Some exciting things have been happening professionally for me this month.

I received an award for Excellence in Action from last quarter. It's typically a peer nominated, boss decided award, so it's an honor to be nominated and to have won. Each quarter, each team gets one of these awards for Excellence, and it can be given for a variety of different categories (own the outcome, tell it like it is, put the client first, etc.). With it comes a shiny plaque and $300, which is cool. I've won it 3 times in the 12 quarters (3 years) I've been with the firm, while on 3 different teams. Surprisingly to you who know me, I've never won for the category 'tell it like it is.'

On the Feast of Our Lady of Lourdes, February 11, I also had my 3 year anniversary at the firm. While this isn't that big of a deal usually, for me it means I officially have 3 years of industry experience. I submitted my transcript,  my background check, my job descriptions over the last 3 years and got an email from the CFP Board authorizing me to use my CFP letters. This means that I am now officially Brittany Anderson, CFP®.

Also, I found out last week that I got the promotion I was up for. I beat out 5 other candidates and I start my new job on Monday. I will still be working with clients who work for non-profits (doctors, professors, etc.) but now I will be working with them as they get closer to retiring and have more complex financial situations (as opposed to when they're just starting out saving). This is a HUGE accomplishment for me, as the job description "requires" a minimum of 5 years of industry experience and prefers at least 7-10. I do believe that the 14 months of weekends I put into the CFP gave me the boost I needed to stand out among my peers to get this job which, according to the job description, I am not qualified for. I'm looking forward to doing more complex planning, and it doesn't hurt that the job comes with a 25-50% pay raise depending on my performance.

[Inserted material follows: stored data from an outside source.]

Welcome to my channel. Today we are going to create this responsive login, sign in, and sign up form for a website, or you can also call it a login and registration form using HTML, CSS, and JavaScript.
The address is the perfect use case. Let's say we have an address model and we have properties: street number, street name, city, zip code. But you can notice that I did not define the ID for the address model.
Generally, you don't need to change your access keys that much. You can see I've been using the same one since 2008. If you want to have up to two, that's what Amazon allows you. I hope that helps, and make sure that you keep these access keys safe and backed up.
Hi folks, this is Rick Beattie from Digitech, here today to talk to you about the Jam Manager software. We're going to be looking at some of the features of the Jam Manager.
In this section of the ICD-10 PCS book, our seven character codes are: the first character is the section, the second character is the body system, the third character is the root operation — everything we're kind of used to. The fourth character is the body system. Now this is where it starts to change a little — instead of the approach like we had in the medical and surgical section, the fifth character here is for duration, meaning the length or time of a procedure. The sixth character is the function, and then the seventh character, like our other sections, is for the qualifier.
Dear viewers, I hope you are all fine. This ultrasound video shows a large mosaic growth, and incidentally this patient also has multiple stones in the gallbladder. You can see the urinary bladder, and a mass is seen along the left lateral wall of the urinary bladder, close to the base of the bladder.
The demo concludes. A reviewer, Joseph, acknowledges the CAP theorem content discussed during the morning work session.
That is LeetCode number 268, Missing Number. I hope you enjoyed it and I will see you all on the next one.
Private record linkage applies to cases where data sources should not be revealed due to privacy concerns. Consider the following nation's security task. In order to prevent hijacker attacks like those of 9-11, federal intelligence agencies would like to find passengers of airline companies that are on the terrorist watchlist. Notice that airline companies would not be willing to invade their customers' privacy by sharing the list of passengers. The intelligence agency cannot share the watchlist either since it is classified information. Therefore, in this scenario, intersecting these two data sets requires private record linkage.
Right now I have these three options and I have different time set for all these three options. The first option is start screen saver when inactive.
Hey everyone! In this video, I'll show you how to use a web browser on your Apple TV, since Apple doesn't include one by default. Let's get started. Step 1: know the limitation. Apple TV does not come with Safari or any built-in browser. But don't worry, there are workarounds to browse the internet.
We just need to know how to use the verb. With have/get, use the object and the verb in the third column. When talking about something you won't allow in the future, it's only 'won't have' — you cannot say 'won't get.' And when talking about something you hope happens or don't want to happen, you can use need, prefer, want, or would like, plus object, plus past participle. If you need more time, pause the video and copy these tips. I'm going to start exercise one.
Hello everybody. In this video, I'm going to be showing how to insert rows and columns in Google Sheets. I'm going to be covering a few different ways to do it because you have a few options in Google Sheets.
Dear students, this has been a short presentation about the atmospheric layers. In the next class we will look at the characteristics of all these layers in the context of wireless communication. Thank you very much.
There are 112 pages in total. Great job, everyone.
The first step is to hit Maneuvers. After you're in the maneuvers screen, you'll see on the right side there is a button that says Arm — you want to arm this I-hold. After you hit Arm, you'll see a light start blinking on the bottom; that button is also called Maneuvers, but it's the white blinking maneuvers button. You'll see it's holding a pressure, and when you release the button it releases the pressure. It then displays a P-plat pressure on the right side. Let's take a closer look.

I'm reading a book by Suze Orman, who is a "personal finance guru" according to her website. I was gifted one of her books, The Courage to be Rich, so I'm diving right in. She's kind of like Dave Ramsey in the eye of the media, I suppose. I think it's important to read popular personal finance books because this is what kind of financial literature (if any) my clients are exposed to. I'm about 50 pages in, and so far all she's talked about is our attitude towards money. I think it's important to consider, albeit a bit "fluffy."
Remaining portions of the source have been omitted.